The presence of organic content in the 1/10PDA medium allowed the isolation of organic carbon users. Similarly, the presence of microplastics in the medium allowed the isolation of microplastics users. The content of both PDA and microplastics, allowed the isolation of heterotrophic fungi adapted to the environment with microplastics and use more gradually over time. The isolation of fungi was complemented by an indirect method strategy, which also used BH and microplastics as a medium. The BH medium with microplastics captured users of plastic materials as the only carbon source. The use of microplastics, especially those enriched in the indirect method, caused the growth of microorganisms to be selected. It is similar to another study, in situ enrichment experiments in the estuary and marine environments with microplastics for 14 days to form specific communities (Oberbeckmann et al., 2018). Therefore, direct isolation with full and 1/10 formula medium complemented the obtained fungal isolates, plus those obtained from the enrichment method with BH and microplastics medium. Other studies also adopted this strategy, such as isolating polyurethane-degrading fungi from landfills using a minimal medium, PDA, and a combination of the media (Magnin et al., 2018).

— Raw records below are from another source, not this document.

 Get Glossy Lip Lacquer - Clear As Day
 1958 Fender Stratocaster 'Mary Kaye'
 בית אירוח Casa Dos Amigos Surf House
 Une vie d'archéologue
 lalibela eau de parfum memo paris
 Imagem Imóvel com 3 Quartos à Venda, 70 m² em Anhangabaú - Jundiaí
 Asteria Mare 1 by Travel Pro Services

Lipase is used as a selection factor because the biodegradation of polymers by bacteria and fungi is considered to be played by lipases (Shah et al., 2016a; Yoshida et al., 2016). This group of enzymes has broad substrate specificity that can degrade various polymers such as plastics, plant oils, triglycerides, and fatty acid methyl esters (Ghosh et al., 2013). Furthermore, most of the waste in landfills comes from households, including waste oils and fats from plants and animals; and plastic packaging. These materials become adapting factors of microorganisms since they can be used as substrates.

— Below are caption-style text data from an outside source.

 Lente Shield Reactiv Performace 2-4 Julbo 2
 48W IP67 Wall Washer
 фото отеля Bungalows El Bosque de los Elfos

Another interesting finding is that they have the potential either as a single culture or in a consortium culture. For example, isolate CY3-1PS(I)B as the third-largest lipase index from the Cipayung landfill has a symbiont CY3-1PS(I)A, which showed a lower clear zone index (Figure 1). Their abilities are expected to increase as their growth are combined. The ability of degradation can be increased when the microorganism is present as a consortium culture (Shah et al., 2016b).

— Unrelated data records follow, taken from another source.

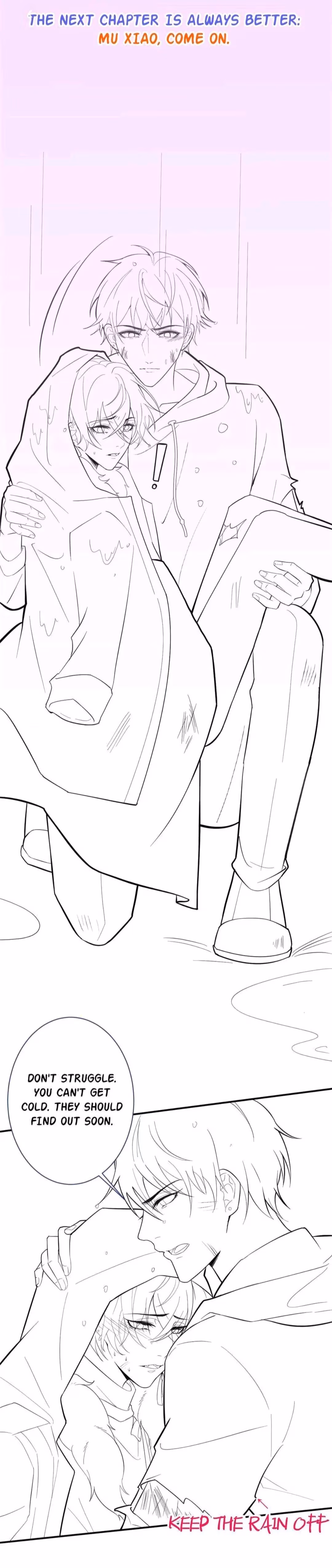 Read Fatal Scents chapter 190 image 24 on Lezhin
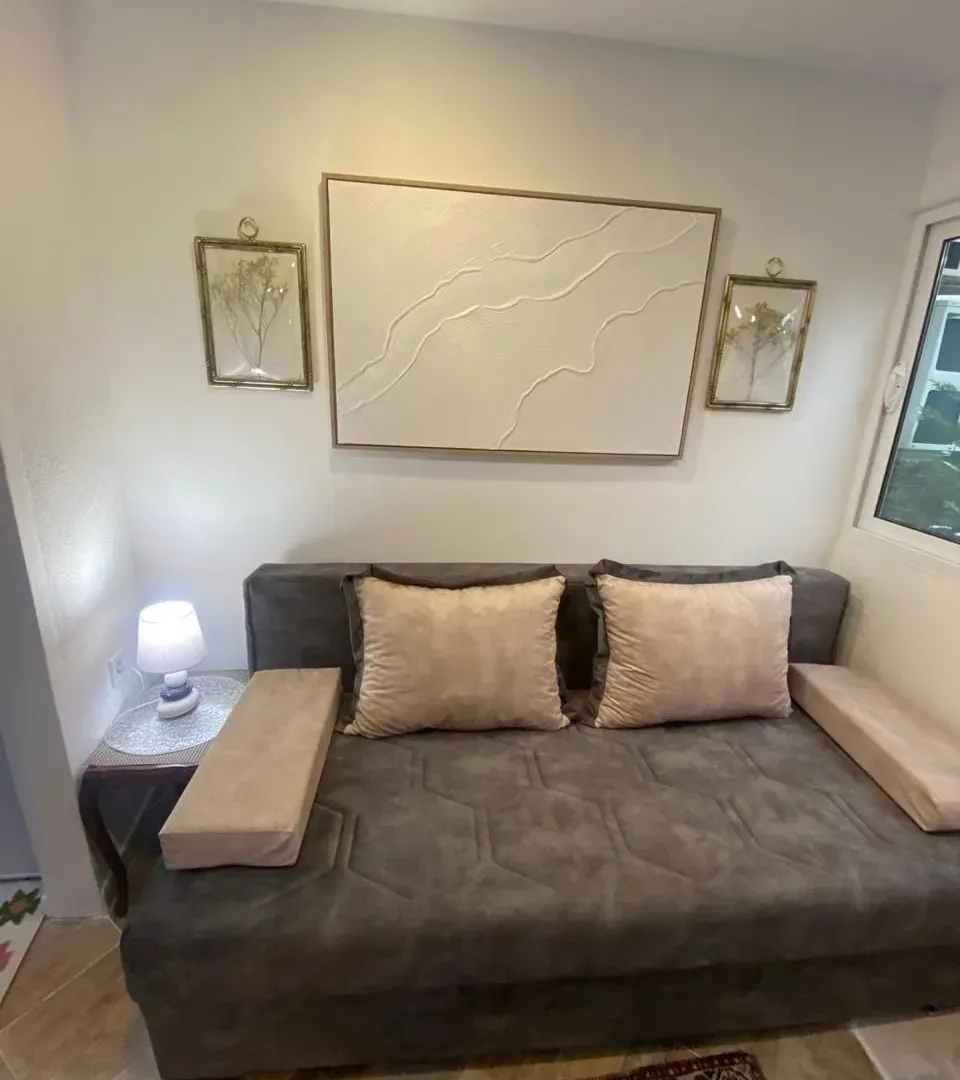 Izdavanje, stan, 32m², Budva, Crna Gora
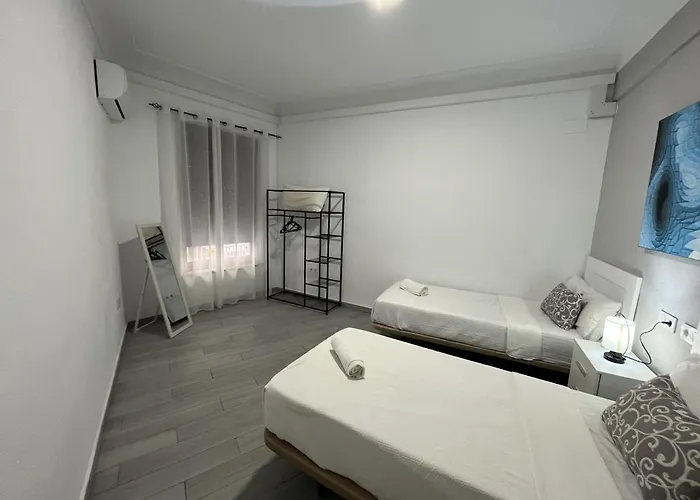 Juderia 아파트 코르도바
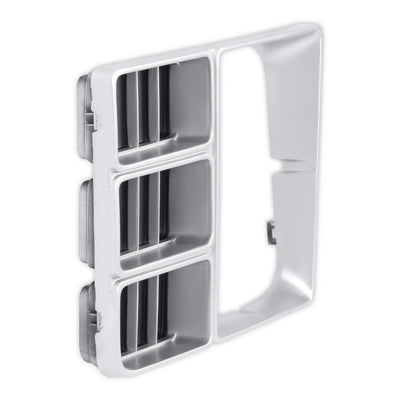 Holley auto part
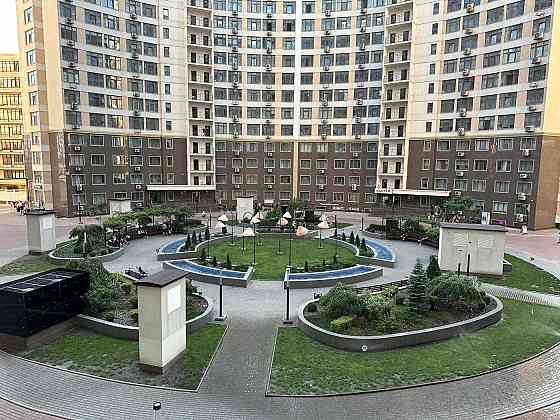 32 Жемчужина/Каманина/Низкий этаж Odesa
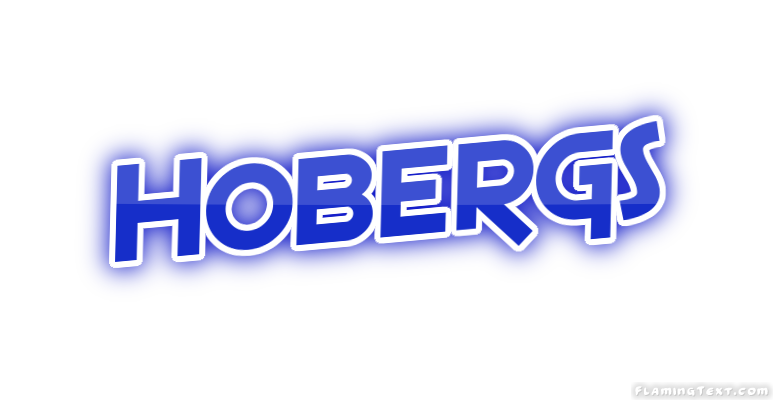 Hobergs مدينة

The percentage of degradation of 11.12% after 42 days is a great ability compared to bacteria from other studies. Bacillus cereus degraded PP microplastic by 1.6% and PS by 7.4% within 40 days (Auta et al., 2017). Exiguobacterium sp. derived from the digestive tract of Tenebrio molitor worm larvae degraded pieces of polystyrene by 7.4% for more than 60 days (Ho et al., 2018). Although it showed promising potential, the use of CY1-1PE(I) in degrading microplastics should be improved to become faster and have a much higher percentage of degradation.
The identification of CY1-1PE(I) as Bacillus paramycoides indicates that this isolate will have the ability as a bioremediation agent. Many species of the genus Bacillus are known as microplastic degrading bacteria from various studies. These species include Bacillus amyloliquefaciens (Das & Kumar, 2015), Bacillus cereus dan Bacillus gottheilii (Auta et al., 2017), Bacillus subtilis (Shah et al., 2016a), Bacillus brevis (Ghosh et al., 2013), and other Bacillus sp. (Park & Kim, 2019; Yuan et al., 2020). Their tough nature in dealing with unusual environmental conditions with various xenobiotics compounds causes them to be often used in bioremediation.
Bacillus paramycoides strain MCCC 1A04098 as the closest to CY1-1PE(I) was proposed as a novel species from the Bacillus cereus group. This strain was isolated from the South China Sea sediments. Strains within the Bacillus cereus group shared more than 97% and less than 95% similarity with other Bacillus species. This claim is based on a polyphasic taxonomic approach of biochemical tests and analysis of 16S rRNA gene sequences. The members of the group B. cereus are facultative anaerobes, form spores, and are widely distributed in various environments (Liu et al., 2017).
The strains of Bacillus paramycoides were published regarding their potential in the bioremediation of xenobiotics. A strain of Bacillus paramycoides from other study showing 99.86% homology with strain MCCC 1A04098 was considered a potential agent for bioremediation of wastewater from domestic, textile, hospital, drug manufacturing, and mixed wastes (Rashid et al., 2020). Three strains of Bacillus paramycoides were isolated from petroleum-contaminated soil in Iraq (Hamzah et al., 2020). Meanwhile, another strain of Bacillus paramycoides was combined in consortium culture with Bacillus paranthracis for bioremediation of soil contaminated with fluoranthene, a pollutant polycyclic aromatic hydrocarbons (PAHs) in agricultural land (Wang et al., 2020).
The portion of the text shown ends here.